Friendship across divides. A literary exploration of friendship and equality in seventeenth-century France

Amis sans frontières. Une exploration littéraire de l’hétérosocialité et de l’égalité au XVIIe siècle en France
Start - End 
2019 - 2022 (ongoing)

Tabgroup

Abstract

All subjects ‘of whatever state or quality’ should ‘live together peacefully as friends’: the Edict of Nantes (1598) not only establishes religious tolerance, it calls for friendship among non-peers. Correspondences and treatises on friendship show how social interaction in absolutist France was profoundly changing: new court and salon societies bring together men and women, king and subordinates, moralists and libertines. Yet, literary scholars focus on the Aristotelian ‘perfect friendship’ that only applies to equal men, for all other relations would tilt to love or self-love.

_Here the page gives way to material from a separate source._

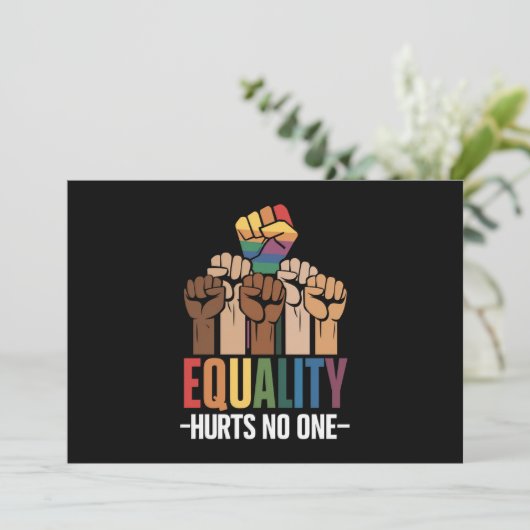 Gelijkheid schaadt niemand LGBTQ Pride Mensenrecht Kaart (Staand voorkant)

My project offers the first extensive study of non-peer friendship in 17th-century France. I will study and compare non-fictional texts (theoretical reflections, letters, memoirs) and fictional narratives on friendship (from poems by the converted Théophile de Viau to the anonymous play Le Triomphe de l’amitié), to examine if and how true friendship can bridge the gap of gender, moral conviction, sociopolitical rank or personality.

By combining tools from literary studies and history of emotions, with concepts from sociopolitical history, my project not only shakes the traditional literary approach to friendship, it also offers new insights into the rapidly changing social structure of pre-revolutionary France. In staging a desire for egalitarian, affective relations, texts on non-peer friendship, I argue, prepare the Enlightenment and illuminate the struggles of today’s multicultural society.